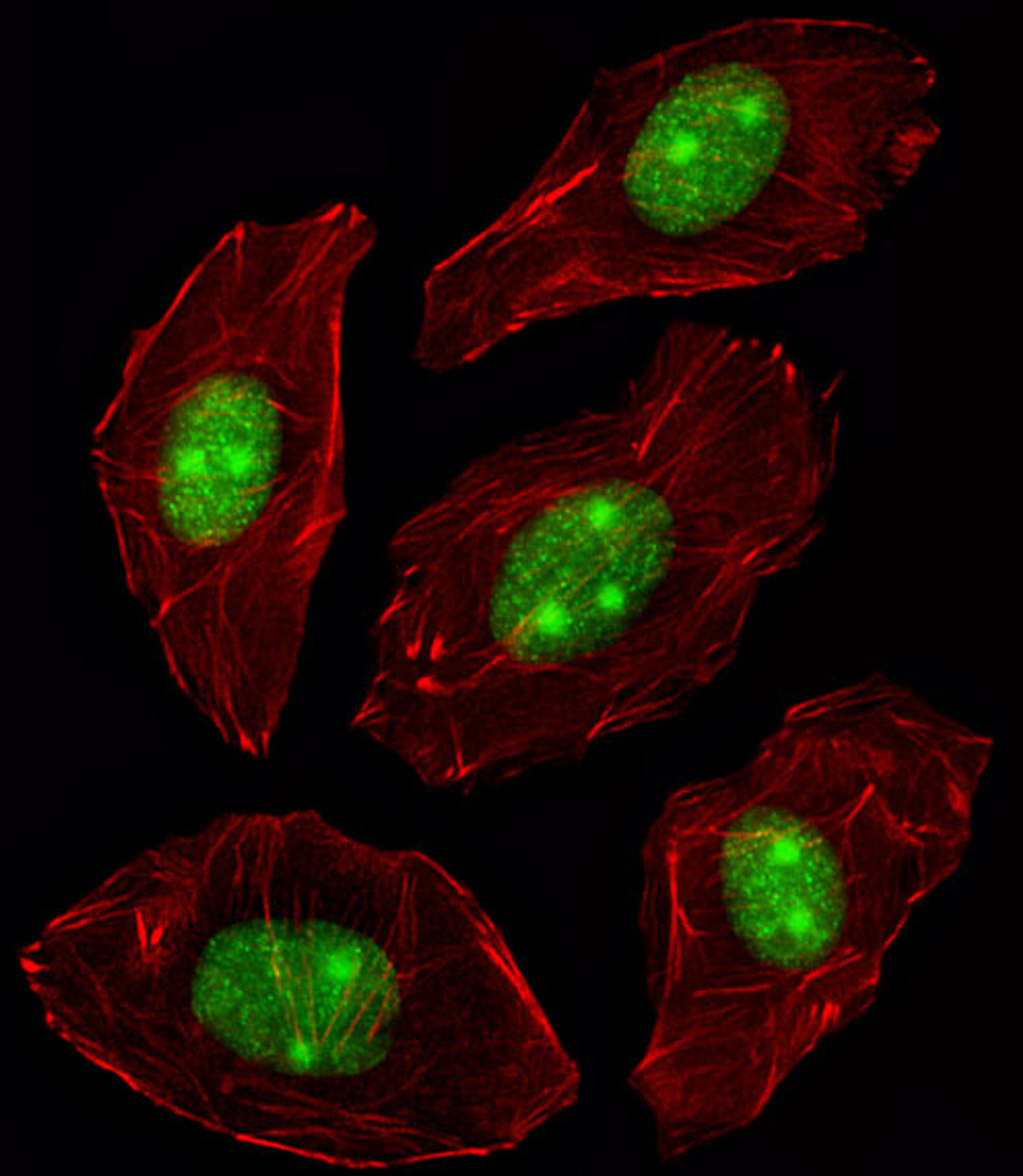 Fluorescent image of A549 cell stained with NPM1 Antibody . A549 cells were fixed with 4% PFA (20 min) , permeabilized with Triton X-100 (0.1%, 10 min) , then incubated with NPM1 primary antibody (1:25) . For secondary antibody, Alexa Fluor 488 conjugated donkey anti-rabbit antibody (green) was used (1:400) .Cytoplasmic actin was counterstained with Alexa Fluor 555 (red) conjugated Phalloidin (7units/ml) .NPM1 immunoreactivity is localized to Nucleus and Nucleolus significantly.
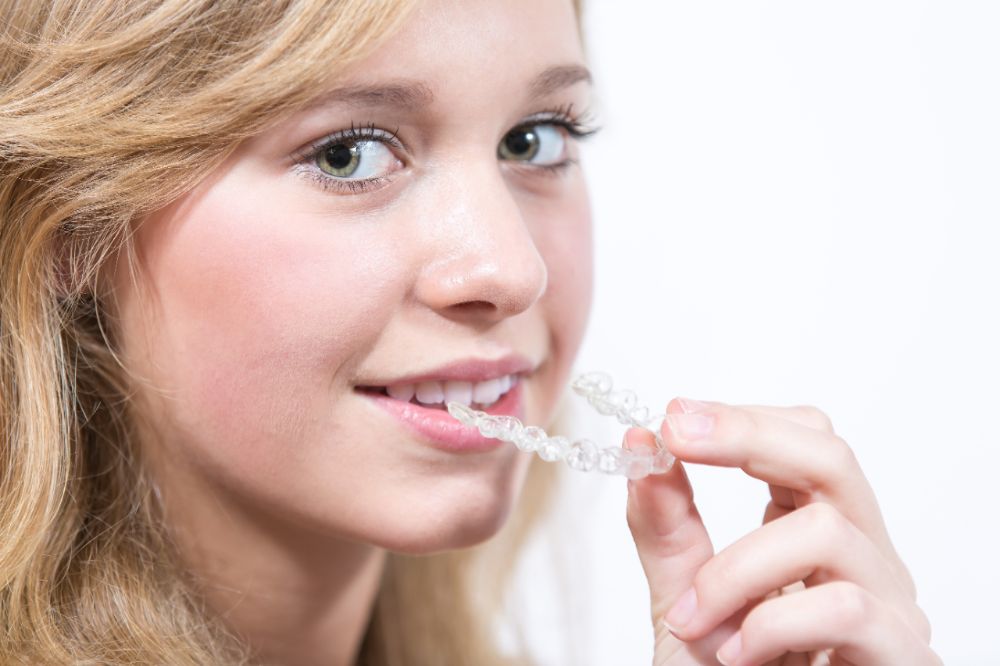 Dental Braces – Types, Components, Procedure, and Clinical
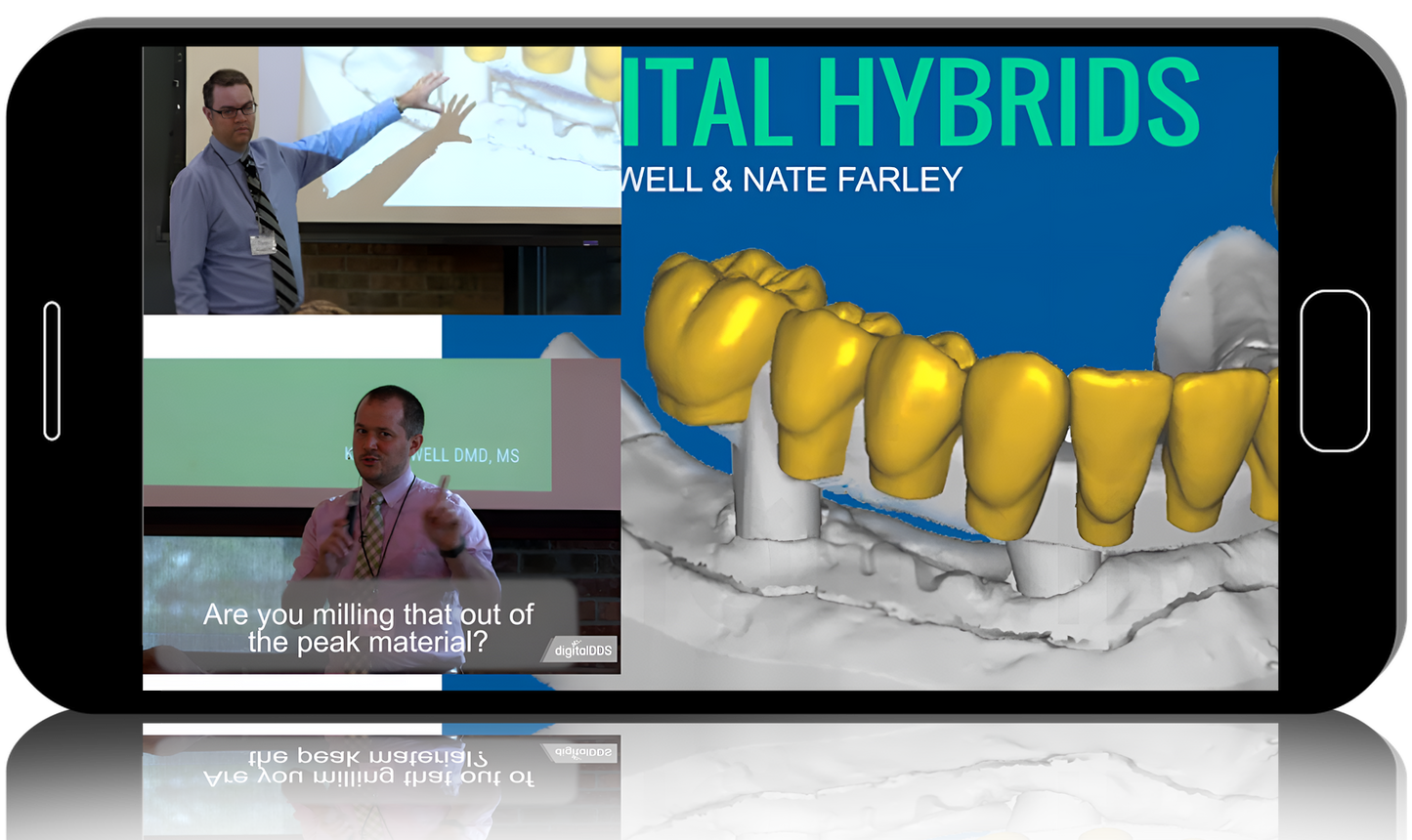 Digital Hybrids for Dentists & Technicians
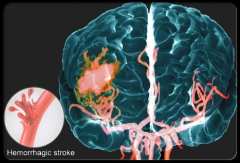 Грипът може да увеличи риска от инсулт с 40%, предупреждават невролозите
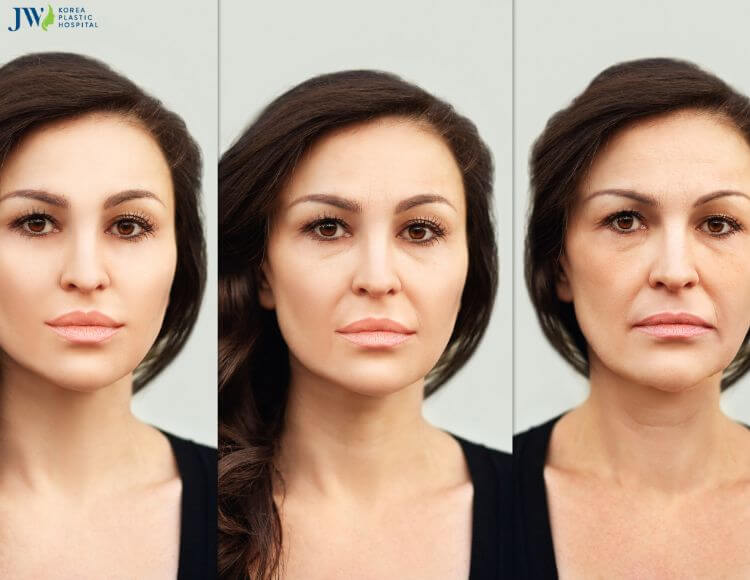 Nhược điểm của căng chỉ collagen 3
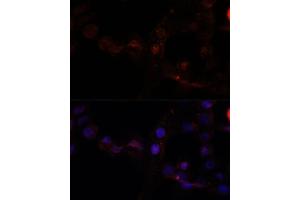 Immunofluorescence analysis of  cells using C antibody (ABIN7266034) at dilution of 1:100. (Calpain 7 anticorps  (AA 20-220))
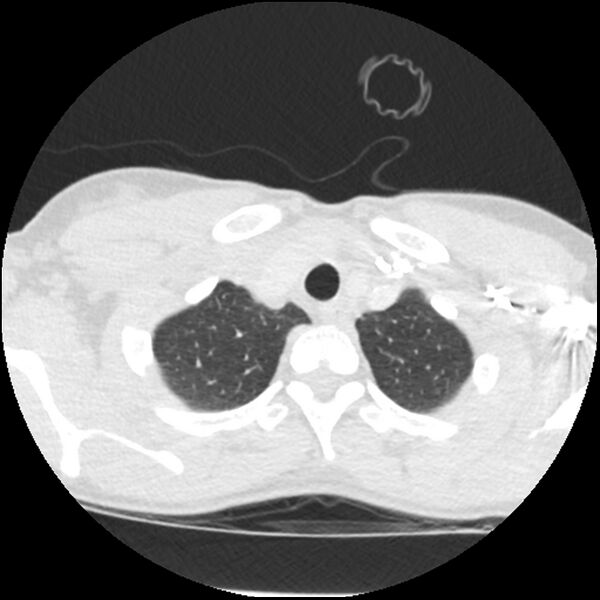File:Acute chest syndrome - sickle cell disease (Radiopaedia 42375-45499 Axial lung window 28).jpg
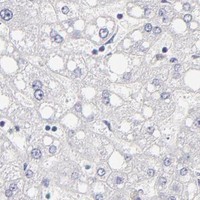 HPA IHC Liver — ABCC4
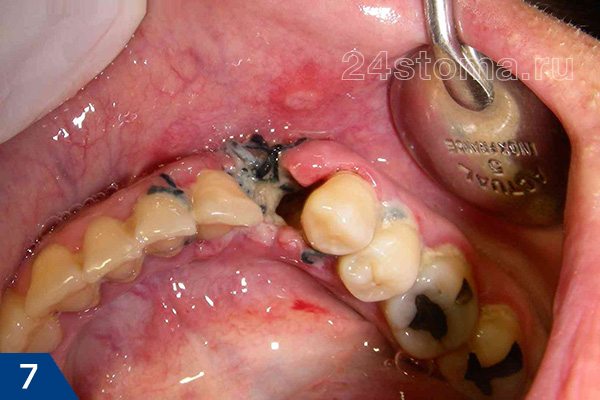Альвеолит лунки удаленного зуба (лунка частично заполнена распадом кровяного сгустка и пищевыми остатками, обнажена костная ткань)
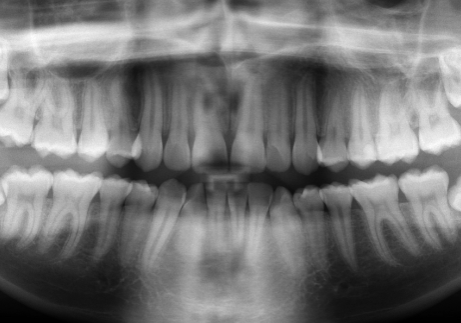 Dental X-Ray Yorba Linda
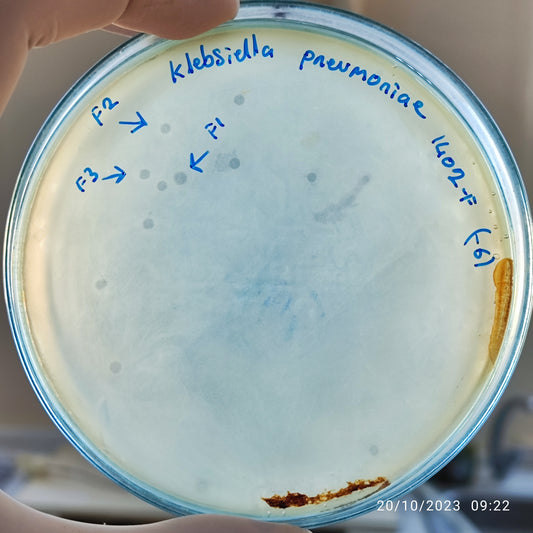 Klebsiella pneumoniae bacteriophage 181402F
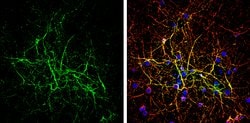 Invitrogen TIMP3 Polyclonal Antibody 100 &mu;L; Unconjugated:Antibodies,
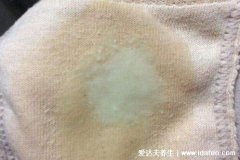 怎么判斷霉菌還是滴蟲，注意觀察內褲上的分泌物(圖片)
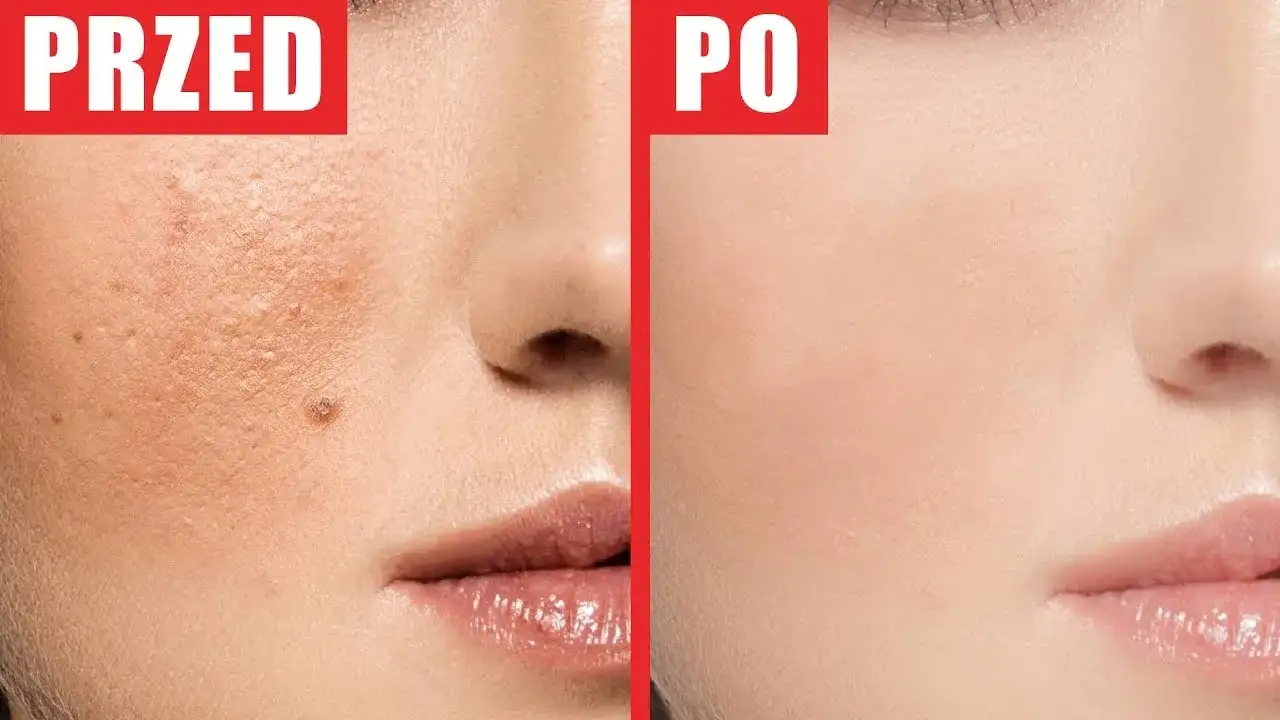 Jak zatuszować pryszcza: skuteczne sposoby na ukrycie niedoskonałości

-------

• [About this exercise]
Write every entry out again exactly, dropping the pictures.

• [Response area]
 Fluorescent image of A549 cell stained with NPM1 Antibody . A549 cells were fixed with 4% PFA (20 min) , permeabilized with Triton X-100 (0.1%, 10 min) , then incubated with NPM1 primary antibody (1:25) . For secondary antibody, Alexa Fluor 488 conjugated donkey anti-rabbit antibody (green) was used (1:400) .Cytoplasmic actin was counterstained with Alexa Fluor 555 (red) conjugated Phalloidin (7units/ml) .NPM1 immunoreactivity is localized to Nucleus and Nucleolus significantly.
 Dental Braces – Types, Components, Procedure, and Clinical
 Digital Hybrids for Dentists & Technicians
 Грипът може да увеличи риска от инсулт с 40%, предупреждават невролозите
 Nhược điểm của căng chỉ collagen 3
 Immunofluorescence analysis of  cells using C antibody (ABIN7266034) at dilution of 1:100. (Calpain 7 anticorps  (AA 20-220))
File:Acute chest syndrome - sickle cell disease (Radiopaedia 42375-45499 Axial lung window 28).jpg
 HPA IHC Liver — ABCC4
Альвеолит лунки удаленного зуба (лунка частично заполнена распадом кровяного сгустка и пищевыми остатками, обнажена костная ткань)
 Dental X-Ray Yorba Linda
 Klebsiella pneumoniae bacteriophage 181402F
 Invitrogen TIMP3 Polyclonal Antibody 100 &mu;L; Unconjugated:Antibodies,
 怎么判斷霉菌還是滴蟲，注意觀察內褲上的分泌物(圖片)
 Jak zatuszować pryszcza: skuteczne sposoby na ukrycie niedoskonałości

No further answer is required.